Example 2: For a, b, c > 0, prove (a + b + c)(1/a + 1/b + 1/c) >= 9
Tool: Cauchy-Schwarz (Engel form)
Method 1 - Cauchy-Schwarz: (sqrt(a)*1/sqrt(a) + sqrt(b)*1/sqrt(b) + sqrt(c)*1/sqrt(c))^2 <= (a + b + c)(1/a + 1/b + 1/c)
LHS = (1 + 1 + 1)^2 = 9
So (a + b + c)(1/a + 1/b + 1/c) >= 9.
Method 2 - AM-GM: (a + b + c)/3 >= (abc)^{1/3} and (1/a + 1/b + 1/c)/3 >= (1/abc)^{1/3}
Multiply: [(a+b+c)/3][(1/a+1/b+1/c)/3] >= 1 So (a + b + c)(1/a + 1/b + 1/c) >= 9.
Equality iff a = b = c.
Example 3: Prove |sin(x) - sin(y)| <= |x - y|
Tool: Mean Value Theorem + Triangle Inequality
By MVT, sin(x) - sin(y) = cos(c)(x - y) for some c between x and y.
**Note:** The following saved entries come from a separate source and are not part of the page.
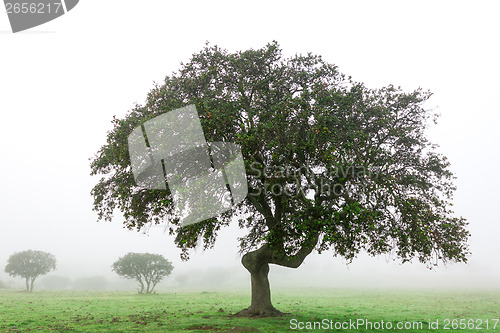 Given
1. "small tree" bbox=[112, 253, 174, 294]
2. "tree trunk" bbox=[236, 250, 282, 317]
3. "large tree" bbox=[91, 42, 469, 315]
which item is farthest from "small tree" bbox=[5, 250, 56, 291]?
"tree trunk" bbox=[236, 250, 282, 317]

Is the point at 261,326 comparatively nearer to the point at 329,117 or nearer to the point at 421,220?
the point at 421,220

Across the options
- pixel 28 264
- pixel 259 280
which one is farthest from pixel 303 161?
pixel 28 264

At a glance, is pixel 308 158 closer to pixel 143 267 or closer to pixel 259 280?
pixel 259 280

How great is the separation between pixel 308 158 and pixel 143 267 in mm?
57554

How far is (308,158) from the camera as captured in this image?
66.4 feet

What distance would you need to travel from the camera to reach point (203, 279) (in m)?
148

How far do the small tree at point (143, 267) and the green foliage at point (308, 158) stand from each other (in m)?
46.5

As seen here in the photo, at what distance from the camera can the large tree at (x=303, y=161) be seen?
17.6 metres

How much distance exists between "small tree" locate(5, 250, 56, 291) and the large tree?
220ft

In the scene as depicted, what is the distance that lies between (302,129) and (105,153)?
13509 millimetres

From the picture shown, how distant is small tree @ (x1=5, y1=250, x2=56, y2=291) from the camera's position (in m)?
72.7

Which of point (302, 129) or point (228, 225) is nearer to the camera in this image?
point (302, 129)

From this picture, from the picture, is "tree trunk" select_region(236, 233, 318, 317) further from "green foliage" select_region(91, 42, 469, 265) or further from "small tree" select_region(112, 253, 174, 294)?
"small tree" select_region(112, 253, 174, 294)

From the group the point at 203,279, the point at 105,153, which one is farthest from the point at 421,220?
the point at 203,279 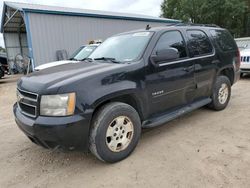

|sin(x) - sin(y)| = |cos(c)| * |x - y| <= 1 * |x - y| = |x - y|
Since |cos(c)| <= 1 for all c.
Example 4: Minimize a^2 + b^2 subject to a + b = 10
Tool: Cauchy-Schwarz or direct AM-GM
By Cauchy-Schwarz: (a + b)^2 <= 2(a^2 + b^2) [with (1,1) and (a,b)] 100 <= 2(a^2 + b^2) a^2 + b^2 >= 50
Minimum is 50 when a = b = 5.
Alternatively: a^2 + b^2 = (a + b)^2 - 2ab = 100 - 2ab. By AM-GM: ab <= (a+b)^2/4 = 25. So a^2 + b^2 >= 100 - 50 = 50.
Output Format
**Inequality:** [statement to prove]
**Constraints:** [domain and conditions]
**Strategy:** [which inequalities to use]
**Proof:**
Starting from [LHS/RHS]:
[expression]
<= [apply inequality 1, cite it]
[intermediate expression]
<= [apply inequality 2]
...
= [target expression]
**Equality condition:** [when equality holds]
Therefore [LHS] <= [RHS]. //
Common Pitfalls
Wrong direction: AM-GM gives lower bound for sum, upper bound for product. Don't flip!
Ignoring equality conditions: Always state when equality holds - this often reveals the extremal case.
Forgetting non-negativity: AM-GM requires non-negative terms. Cauchy-Schwarz works for all reals.
Loose bounds: Chaining too many inequalities can give weak results. Aim for tight bounds.
Not using constraints: If ab = 1 is given, substitute b = 1/a to reduce variables.
Homogeneity errors: Check that both sides have the same degree before normalizing.